■ DIRECTIONS FOR THIS TASK ■
Reproduce all of the data exactly, with no line skipped.

++++ GIVEN DATA

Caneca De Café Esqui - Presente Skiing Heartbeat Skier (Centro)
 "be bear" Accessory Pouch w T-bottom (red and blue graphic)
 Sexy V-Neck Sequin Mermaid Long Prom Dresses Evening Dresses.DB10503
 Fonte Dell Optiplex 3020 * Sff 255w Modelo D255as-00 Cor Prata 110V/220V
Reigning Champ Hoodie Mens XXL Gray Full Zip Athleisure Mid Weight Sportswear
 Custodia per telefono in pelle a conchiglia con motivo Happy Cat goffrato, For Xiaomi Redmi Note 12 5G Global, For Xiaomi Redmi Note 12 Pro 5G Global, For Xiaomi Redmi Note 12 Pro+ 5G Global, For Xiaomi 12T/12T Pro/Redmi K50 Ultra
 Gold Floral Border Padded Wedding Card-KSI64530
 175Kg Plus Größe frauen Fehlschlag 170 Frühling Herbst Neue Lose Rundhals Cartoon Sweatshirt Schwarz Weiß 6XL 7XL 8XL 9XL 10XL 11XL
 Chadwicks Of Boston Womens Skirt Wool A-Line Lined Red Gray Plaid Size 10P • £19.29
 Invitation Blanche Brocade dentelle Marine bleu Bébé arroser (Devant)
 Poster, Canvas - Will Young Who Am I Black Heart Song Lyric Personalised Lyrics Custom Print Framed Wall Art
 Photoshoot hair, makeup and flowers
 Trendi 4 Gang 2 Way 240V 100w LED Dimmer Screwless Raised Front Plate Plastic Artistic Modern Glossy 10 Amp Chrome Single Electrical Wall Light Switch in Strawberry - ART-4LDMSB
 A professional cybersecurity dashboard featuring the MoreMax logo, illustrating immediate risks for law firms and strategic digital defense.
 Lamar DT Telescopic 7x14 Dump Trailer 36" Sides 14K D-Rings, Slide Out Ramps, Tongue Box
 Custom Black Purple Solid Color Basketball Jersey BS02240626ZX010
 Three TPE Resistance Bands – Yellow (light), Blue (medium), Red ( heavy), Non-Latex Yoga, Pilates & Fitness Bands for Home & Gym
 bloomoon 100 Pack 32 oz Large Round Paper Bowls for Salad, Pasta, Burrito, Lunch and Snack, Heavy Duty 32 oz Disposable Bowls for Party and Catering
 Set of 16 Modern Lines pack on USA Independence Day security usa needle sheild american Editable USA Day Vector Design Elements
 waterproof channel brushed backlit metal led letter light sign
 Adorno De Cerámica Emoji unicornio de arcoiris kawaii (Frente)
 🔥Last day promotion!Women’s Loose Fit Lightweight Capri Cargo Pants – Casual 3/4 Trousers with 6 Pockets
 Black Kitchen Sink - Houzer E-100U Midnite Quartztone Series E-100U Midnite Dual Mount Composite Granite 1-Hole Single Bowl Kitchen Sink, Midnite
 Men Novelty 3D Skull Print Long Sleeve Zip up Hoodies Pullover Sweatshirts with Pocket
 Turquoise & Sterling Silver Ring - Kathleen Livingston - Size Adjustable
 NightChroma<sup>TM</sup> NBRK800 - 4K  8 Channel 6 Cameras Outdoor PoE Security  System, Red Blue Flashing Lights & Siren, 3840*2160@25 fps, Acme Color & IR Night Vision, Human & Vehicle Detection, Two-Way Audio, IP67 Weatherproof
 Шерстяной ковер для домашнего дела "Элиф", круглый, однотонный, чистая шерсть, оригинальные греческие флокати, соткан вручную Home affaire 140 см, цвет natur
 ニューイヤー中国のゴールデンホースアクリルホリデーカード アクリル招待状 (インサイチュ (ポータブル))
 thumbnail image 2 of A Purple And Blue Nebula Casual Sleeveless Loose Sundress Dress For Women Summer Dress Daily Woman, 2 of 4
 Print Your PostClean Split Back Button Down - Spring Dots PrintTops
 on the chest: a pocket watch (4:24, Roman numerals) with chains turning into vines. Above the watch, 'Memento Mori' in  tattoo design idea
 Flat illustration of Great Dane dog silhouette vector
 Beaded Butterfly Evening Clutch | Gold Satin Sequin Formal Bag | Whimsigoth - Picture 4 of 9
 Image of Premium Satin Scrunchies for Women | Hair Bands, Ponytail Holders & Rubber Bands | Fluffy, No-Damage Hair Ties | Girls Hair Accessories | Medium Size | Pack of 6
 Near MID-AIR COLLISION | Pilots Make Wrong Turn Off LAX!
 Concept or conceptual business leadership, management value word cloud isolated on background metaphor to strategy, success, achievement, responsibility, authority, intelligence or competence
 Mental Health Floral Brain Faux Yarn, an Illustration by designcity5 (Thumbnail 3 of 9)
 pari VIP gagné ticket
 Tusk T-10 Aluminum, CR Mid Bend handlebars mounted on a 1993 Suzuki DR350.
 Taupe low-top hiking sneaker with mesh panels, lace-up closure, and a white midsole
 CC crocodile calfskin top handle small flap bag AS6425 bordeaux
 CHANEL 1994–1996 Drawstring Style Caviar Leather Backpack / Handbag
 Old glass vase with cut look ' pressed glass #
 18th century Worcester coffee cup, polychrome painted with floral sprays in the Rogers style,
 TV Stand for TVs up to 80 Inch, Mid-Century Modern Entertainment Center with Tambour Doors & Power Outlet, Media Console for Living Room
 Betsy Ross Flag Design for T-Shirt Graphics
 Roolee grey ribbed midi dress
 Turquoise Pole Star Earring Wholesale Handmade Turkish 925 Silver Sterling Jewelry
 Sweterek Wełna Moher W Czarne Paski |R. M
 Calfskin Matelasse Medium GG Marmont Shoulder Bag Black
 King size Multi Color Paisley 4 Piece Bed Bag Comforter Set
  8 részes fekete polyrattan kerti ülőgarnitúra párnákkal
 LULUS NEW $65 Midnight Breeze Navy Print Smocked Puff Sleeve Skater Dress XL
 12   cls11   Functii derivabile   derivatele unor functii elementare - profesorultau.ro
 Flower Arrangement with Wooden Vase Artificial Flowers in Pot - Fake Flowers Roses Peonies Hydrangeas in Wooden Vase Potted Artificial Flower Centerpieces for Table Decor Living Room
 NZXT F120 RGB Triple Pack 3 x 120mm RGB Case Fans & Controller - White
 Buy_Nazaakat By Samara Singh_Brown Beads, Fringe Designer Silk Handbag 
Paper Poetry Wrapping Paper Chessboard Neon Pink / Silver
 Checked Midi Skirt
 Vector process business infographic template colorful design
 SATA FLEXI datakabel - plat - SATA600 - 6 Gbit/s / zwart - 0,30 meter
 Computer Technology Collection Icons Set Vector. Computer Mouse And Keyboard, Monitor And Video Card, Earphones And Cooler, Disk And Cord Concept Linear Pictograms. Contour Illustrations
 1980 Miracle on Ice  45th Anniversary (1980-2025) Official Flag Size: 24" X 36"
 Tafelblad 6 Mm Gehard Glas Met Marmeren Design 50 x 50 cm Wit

++++++++

■ PROBLEM SOLUTION ■
Caneca De Café Esqui - Presente Skiing Heartbeat Skier (Centro)
 "be bear" Accessory Pouch w T-bottom (red and blue graphic)
 Sexy V-Neck Sequin Mermaid Long Prom Dresses Evening Dresses.DB10503
 Fonte Dell Optiplex 3020 * Sff 255w Modelo D255as-00 Cor Prata 110V/220V
Reigning Champ Hoodie Mens XXL Gray Full Zip Athleisure Mid Weight Sportswear
 Custodia per telefono in pelle a conchiglia con motivo Happy Cat goffrato, For Xiaomi Redmi Note 12 5G Global, For Xiaomi Redmi Note 12 Pro 5G Global, For Xiaomi Redmi Note 12 Pro+ 5G Global, For Xiaomi 12T/12T Pro/Redmi K50 Ultra
 Gold Floral Border Padded Wedding Card-KSI64530
 175Kg Plus Größe frauen Fehlschlag 170 Frühling Herbst Neue Lose Rundhals Cartoon Sweatshirt Schwarz Weiß 6XL 7XL 8XL 9XL 10XL 11XL
 Chadwicks Of Boston Womens Skirt Wool A-Line Lined Red Gray Plaid Size 10P • £19.29
 Invitation Blanche Brocade dentelle Marine bleu Bébé arroser (Devant)
 Poster, Canvas - Will Young Who Am I Black Heart Song Lyric Personalised Lyrics Custom Print Framed Wall Art
 Photoshoot hair, makeup and flowers
 Trendi 4 Gang 2 Way 240V 100w LED Dimmer Screwless Raised Front Plate Plastic Artistic Modern Glossy 10 Amp Chrome Single Electrical Wall Light Switch in Strawberry - ART-4LDMSB
 A professional cybersecurity dashboard featuring the MoreMax logo, illustrating immediate risks for law firms and strategic digital defense.
 Lamar DT Telescopic 7x14 Dump Trailer 36" Sides 14K D-Rings, Slide Out Ramps, Tongue Box
 Custom Black Purple Solid Color Basketball Jersey BS02240626ZX010
 Three TPE Resistance Bands – Yellow (light), Blue (medium), Red ( heavy), Non-Latex Yoga, Pilates & Fitness Bands for Home & Gym
 bloomoon 100 Pack 32 oz Large Round Paper Bowls for Salad, Pasta, Burrito, Lunch and Snack, Heavy Duty 32 oz Disposable Bowls for Party and Catering
 Set of 16 Modern Lines pack on USA Independence Day security usa needle sheild american Editable USA Day Vector Design Elements
 waterproof channel brushed backlit metal led letter light sign
 Adorno De Cerámica Emoji unicornio de arcoiris kawaii (Frente)
 🔥Last day promotion!Women’s Loose Fit Lightweight Capri Cargo Pants – Casual 3/4 Trousers with 6 Pockets
 Black Kitchen Sink - Houzer E-100U Midnite Quartztone Series E-100U Midnite Dual Mount Composite Granite 1-Hole Single Bowl Kitchen Sink, Midnite
 Men Novelty 3D Skull Print Long Sleeve Zip up Hoodies Pullover Sweatshirts with Pocket
 Turquoise & Sterling Silver Ring - Kathleen Livingston - Size Adjustable
 NightChroma<sup>TM</sup> NBRK800 - 4K  8 Channel 6 Cameras Outdoor PoE Security  System, Red Blue Flashing Lights & Siren, 3840*2160@25 fps, Acme Color & IR Night Vision, Human & Vehicle Detection, Two-Way Audio, IP67 Weatherproof
 Шерстяной ковер для домашнего дела "Элиф", круглый, однотонный, чистая шерсть, оригинальные греческие флокати, соткан вручную Home affaire 140 см, цвет natur
 ニューイヤー中国のゴールデンホースアクリルホリデーカード アクリル招待状 (インサイチュ (ポータブル))
 thumbnail image 2 of A Purple And Blue Nebula Casual Sleeveless Loose Sundress Dress For Women Summer Dress Daily Woman, 2 of 4
 Print Your PostClean Split Back Button Down - Spring Dots PrintTops
 on the chest: a pocket watch (4:24, Roman numerals) with chains turning into vines. Above the watch, 'Memento Mori' in  tattoo design idea
 Flat illustration of Great Dane dog silhouette vector
 Beaded Butterfly Evening Clutch | Gold Satin Sequin Formal Bag | Whimsigoth - Picture 4 of 9
 Image of Premium Satin Scrunchies for Women | Hair Bands, Ponytail Holders & Rubber Bands | Fluffy, No-Damage Hair Ties | Girls Hair Accessories | Medium Size | Pack of 6
 Near MID-AIR COLLISION | Pilots Make Wrong Turn Off LAX!
 Concept or conceptual business leadership, management value word cloud isolated on background metaphor to strategy, success, achievement, responsibility, authority, intelligence or competence
 Mental Health Floral Brain Faux Yarn, an Illustration by designcity5 (Thumbnail 3 of 9)
 pari VIP gagné ticket
 Tusk T-10 Aluminum, CR Mid Bend handlebars mounted on a 1993 Suzuki DR350.
 Taupe low-top hiking sneaker with mesh panels, lace-up closure, and a white midsole
 CC crocodile calfskin top handle small flap bag AS6425 bordeaux
 CHANEL 1994–1996 Drawstring Style Caviar Leather Backpack / Handbag
 Old glass vase with cut look ' pressed glass #
 18th century Worcester coffee cup, polychrome painted with floral sprays in the Rogers style,
 TV Stand for TVs up to 80 Inch, Mid-Century Modern Entertainment Center with Tambour Doors & Power Outlet, Media Console for Living Room
 Betsy Ross Flag Design for T-Shirt Graphics
 Roolee grey ribbed midi dress
 Turquoise Pole Star Earring Wholesale Handmade Turkish 925 Silver Sterling Jewelry
 Sweterek Wełna Moher W Czarne Paski |R. M
 Calfskin Matelasse Medium GG Marmont Shoulder Bag Black
 King size Multi Color Paisley 4 Piece Bed Bag Comforter Set
  8 részes fekete polyrattan kerti ülőgarnitúra párnákkal
 LULUS NEW $65 Midnight Breeze Navy Print Smocked Puff Sleeve Skater Dress XL
 12   cls11   Functii derivabile   derivatele unor functii elementare - profesorultau.ro
 Flower Arrangement with Wooden Vase Artificial Flowers in Pot - Fake Flowers Roses Peonies Hydrangeas in Wooden Vase Potted Artificial Flower Centerpieces for Table Decor Living Room
 NZXT F120 RGB Triple Pack 3 x 120mm RGB Case Fans & Controller - White
 Buy_Nazaakat By Samara Singh_Brown Beads, Fringe Designer Silk Handbag 
Paper Poetry Wrapping Paper Chessboard Neon Pink / Silver
 Checked Midi Skirt
 Vector process business infographic template colorful design
 SATA FLEXI datakabel - plat - SATA600 - 6 Gbit/s / zwart - 0,30 meter
 Computer Technology Collection Icons Set Vector. Computer Mouse And Keyboard, Monitor And Video Card, Earphones And Cooler, Disk And Cord Concept Linear Pictograms. Contour Illustrations
 1980 Miracle on Ice  45th Anniversary (1980-2025) Official Flag Size: 24" X 36"
 Tafelblad 6 Mm Gehard Glas Met Marmeren Design 50 x 50 cm Wit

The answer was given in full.